Global Sync across different blocks in IR builder

@were @tqchen Is there a way to do global synchronization in IR builder or the hybrid IR builder on the GPU? If I write gpu code, I would separate the two parts into two kernel functions. But I don’t know how to do that in TVM. Currently I’m experiencing bug after transposing data. Thread 0 reads different values from say temp[1000] compared with thread 1000 if the block size if 256.

1 Like

You can launch multiple kernels in tvm. Just make sure you build two blocks of code, both of them bind to a different thread block as outer most

I see.
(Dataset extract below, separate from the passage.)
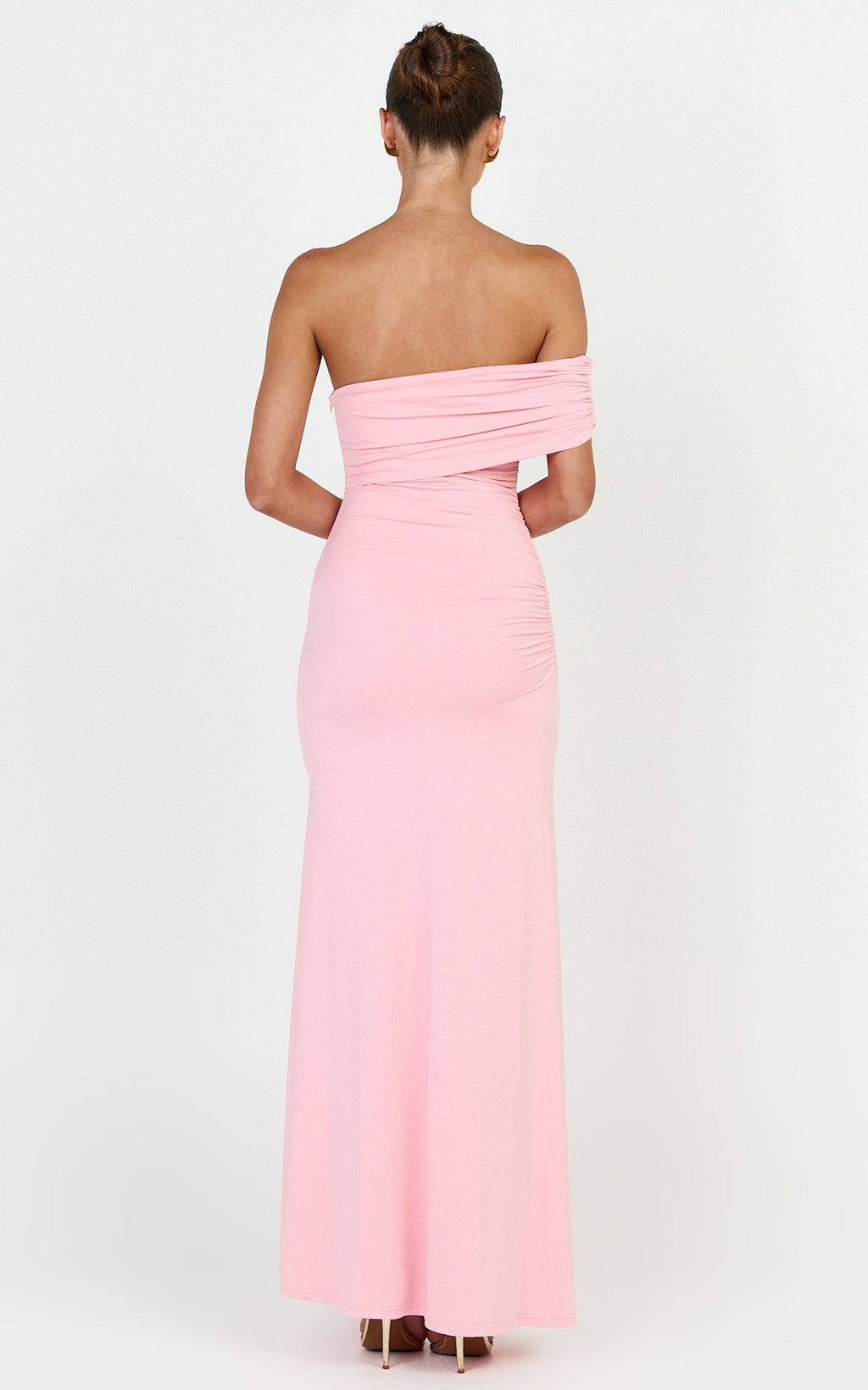 Opal Maxi Dress - Off Shoulder Gathered Bodice Fit And Flare Dress in Pink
In order to call barrier(CLK_GLOBAL_MEM_FENCE) in IR builder what shall I do?

In theory you do not need to call global fence, because what will happen is that two kernels will be launched

I meant if I don’t want to separate the kernel into two kernel functions.

@were does hybrid interface already expose barrier/ syncthreads apis to python users?

The global barrier do not work well in opencl due to language limitations, so best way would indeed be use two kernels

For one of my use cases, the results seem acceptable. I experimented it first using manually changed opencl code.

CUDA9 cooperative groups allows global sync across work-groups. Does TVM support this feature?

@milindn TVM hasn’t yet take benefit from global sync in CUDA9, contribution is welcomed

1 Like